Extreme poverty: 2.8 million children in the U.S. live on $2 per day
February 24, 2012
The National Poverty Center has just released a report that examines poverty trends between 1996 and 2011. The number of households with children who are in extreme poverty in a given month—living at $2 or less in income per person per day— in 2011 totaled roughly 1.46 million households, including 2.8 million kids. This number is up from 636,000 households in 1996, nearly a 130 percent increase.
The study finds that in-kind public programs are having an effect, though. The number of children living in extreme poverty is cut in half to 1.4 million in 2011 when the statistics take into account benefits from the Supplemental Nutrition Assistance Program (SNAP, formerly known as the Food Stamp Program).
"We think it is important to document this significant growth in extreme poverty in the U.S. since the mid-1990s, as well as the buffering effects of our key public in-kind assistance programs," said H. Luke Shaefer, an assistant professor in the U-M School of Social Work and the study's lead author.

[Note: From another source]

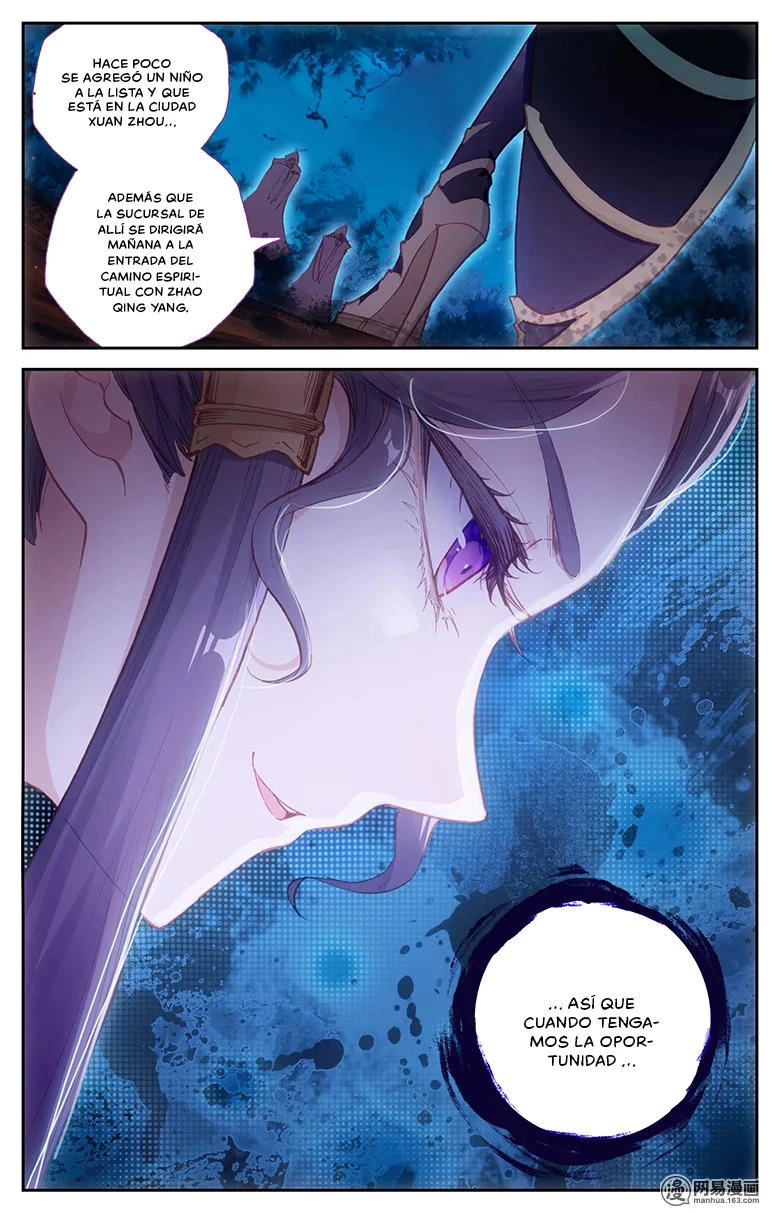 The Heaven's List - Capítulo 8.50 - Página 11 - LectorTMOo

In 1996, welfare reform ended the only cash entitlement program in the U.S. for poor families with children. This was replaced with a program that offers time-limited cash assistance and requires able-bodied recipients to participate in work activities.
This reform has been followed by a dramatic decline in cash assistance caseloads, from an average of 12.3 million recipients per month in 1996 to 4.4 million in June 2011; only 1.1 million of these beneficiaries are adults.

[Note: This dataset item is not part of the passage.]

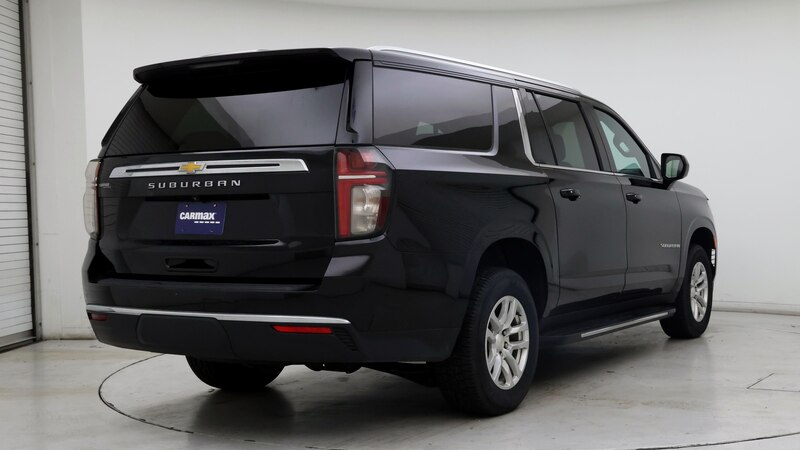 2021 Chevrolet Suburban 1500 LS 8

As a result of shrinking access to cash assistance and the increasingly poor economic climate, researchers expected the size of the population of households with children living in extreme poverty to increase between 1996 and 2011, both in terms of total households, and as a proportion of all poor households.

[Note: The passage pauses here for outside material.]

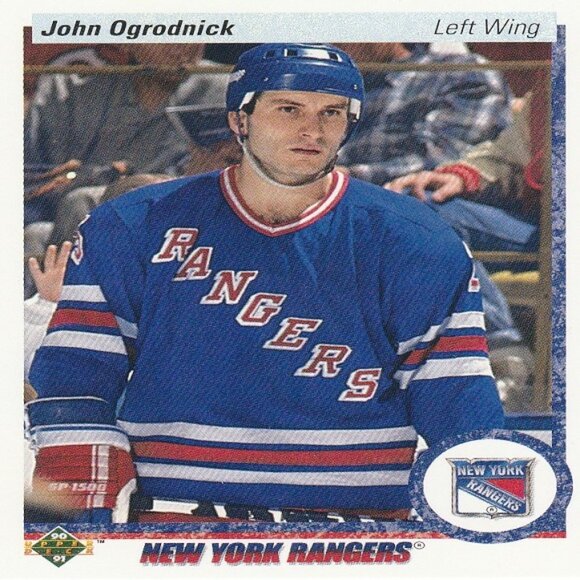 John Ogrodnick Hockey Card Collection - Picture 3 of 6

In 1996, households in extreme poverty represented about 10 percent of all poor households. Fifteen years later, it's about 19 percent. When SNAP benefits are counted as cash, the rise in extreme poverty is from about 7.6 percent to about 10 percent.
In addition, many of the households in extreme poverty are accessing public health insurance for at least one of their children, and about one in five have a housing subsidy. "These in-kind safety-net programs are playing a vital role, and are probably blunting some of the hardship that American children living in extreme poverty would otherwise face," said Kathryn Edin, professor of public policy at the Harvard Kennedy School. Still, she adds, "it would be wrong to conclude that the U.S. safety net is strong, or even adequate, when one in five poor households with children are living without meaningful cash income."